Neoadjuvant Chemotherapy for Breast Cancer
In 1996, 184,300 women will be diagnosed with breast cancer and 44,000 women will die from breast cancer. Despite improvement in treatment options, the age adjusted cancer death rate has shown no improvement from 1930 through 1992.1 Innovative treatments for breast cancer should therefore actively be sought.
The concept of preoperative chemotherapy has several advantages. These include a reduction in tumor size allowing for more breast-preserving procedures, an in vivo chemosensitivity assay and early treatment of micro-metastatic disease.
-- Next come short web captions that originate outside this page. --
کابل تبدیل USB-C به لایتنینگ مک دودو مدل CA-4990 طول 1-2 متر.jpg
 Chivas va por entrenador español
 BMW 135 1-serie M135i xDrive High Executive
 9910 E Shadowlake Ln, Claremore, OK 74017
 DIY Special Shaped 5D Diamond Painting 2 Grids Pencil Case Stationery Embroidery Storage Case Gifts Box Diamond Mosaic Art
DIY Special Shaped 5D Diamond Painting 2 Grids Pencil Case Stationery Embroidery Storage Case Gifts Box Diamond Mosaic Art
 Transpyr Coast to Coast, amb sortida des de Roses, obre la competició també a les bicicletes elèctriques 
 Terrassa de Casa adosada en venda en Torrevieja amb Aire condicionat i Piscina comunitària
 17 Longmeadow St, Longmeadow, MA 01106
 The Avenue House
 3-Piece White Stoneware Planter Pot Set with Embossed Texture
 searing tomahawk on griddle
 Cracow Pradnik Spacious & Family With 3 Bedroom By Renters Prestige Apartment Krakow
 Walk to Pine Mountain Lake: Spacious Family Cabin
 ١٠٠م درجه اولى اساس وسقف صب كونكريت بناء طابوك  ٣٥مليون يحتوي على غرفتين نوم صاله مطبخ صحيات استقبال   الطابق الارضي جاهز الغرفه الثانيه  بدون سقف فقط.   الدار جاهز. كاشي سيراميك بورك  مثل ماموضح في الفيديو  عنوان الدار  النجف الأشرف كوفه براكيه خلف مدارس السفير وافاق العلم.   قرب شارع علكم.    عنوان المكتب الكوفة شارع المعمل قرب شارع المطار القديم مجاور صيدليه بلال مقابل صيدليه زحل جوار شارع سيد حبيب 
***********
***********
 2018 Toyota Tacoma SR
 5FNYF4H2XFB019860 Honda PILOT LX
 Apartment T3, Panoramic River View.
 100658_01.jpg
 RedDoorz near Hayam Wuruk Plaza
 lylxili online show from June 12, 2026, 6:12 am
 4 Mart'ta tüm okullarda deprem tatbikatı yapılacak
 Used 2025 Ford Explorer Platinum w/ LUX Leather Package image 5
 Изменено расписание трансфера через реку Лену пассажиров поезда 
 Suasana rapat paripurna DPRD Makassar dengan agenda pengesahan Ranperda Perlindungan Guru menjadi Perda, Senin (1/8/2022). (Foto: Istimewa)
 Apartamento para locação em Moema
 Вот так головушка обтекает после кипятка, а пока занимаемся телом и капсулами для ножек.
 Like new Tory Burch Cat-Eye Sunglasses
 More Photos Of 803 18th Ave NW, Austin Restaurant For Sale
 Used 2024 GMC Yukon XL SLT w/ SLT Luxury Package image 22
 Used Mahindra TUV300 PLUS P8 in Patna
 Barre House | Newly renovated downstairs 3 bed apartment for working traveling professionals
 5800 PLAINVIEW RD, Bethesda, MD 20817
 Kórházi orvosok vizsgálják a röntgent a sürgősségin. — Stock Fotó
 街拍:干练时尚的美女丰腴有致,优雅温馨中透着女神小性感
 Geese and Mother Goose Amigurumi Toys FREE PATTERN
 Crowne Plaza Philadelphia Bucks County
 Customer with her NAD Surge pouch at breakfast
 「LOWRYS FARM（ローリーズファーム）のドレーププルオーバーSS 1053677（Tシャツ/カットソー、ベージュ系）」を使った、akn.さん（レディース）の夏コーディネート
Potential pitfalls include delay of local therapy and added toxicity.
Neoadjuvant chemotherapy was used initially in poor-prognosis patients (locally advanced and inflammatory breast cancer). Clinical response rates varying from 70 percent to 90 percent have been reported with a number of induction chemotherapies.2,3 Additionally, therapy using preoperative chemotherapy, surgery and radiation has demonstrated an improvement in local control and disease free survival.2,3
This data spurred the development of the NSABP B-18 trial. This trial compared in operable breast cancer, preoperative vs. postoperative administration of four cycles of AC [cyclophosphamide and Adriamycin (doxorubicin)] in 1,523 patients. The results show a 36 percent clinical CR and a 44 percent clinical PR. Patients who received preoperative chemotherapy also were more likely to undergo breast conservation than patients who received postoperative chemotherapy (68 percent vs. 60 percent; p=0.003). Additionally, there was evidence that preoperative chemotherapy resulted in axillary node downstaging Ñ 40 percent of patients with preoperative chemotherapy were pathologically node positive as compared to 58 percent of patients who received chemotherapy postoperatively. A significant correlation existed between tumor response and pathologic nodal status. In patients with a clinical CR to preoperative chemotherapy, 26 percent were node positive; in patients with a clinical PR, 47 percent were node positive; in patients with stable disease, 50 percent were node positive; and in patients with progressive disease, 67 percent were node positive.4 The hope is that this response in the primary tumor will translate to an improved survival rate.
These studies demonstrate that preoperative chemotherapy can improve the ability to offer breast-conserving surgery. Additionally, local control rates have not been compromised by the delay of local therapy. Finally, there has been no increase in surgical morbidity noted in patients undergoing neoadjuvant chemotherapy.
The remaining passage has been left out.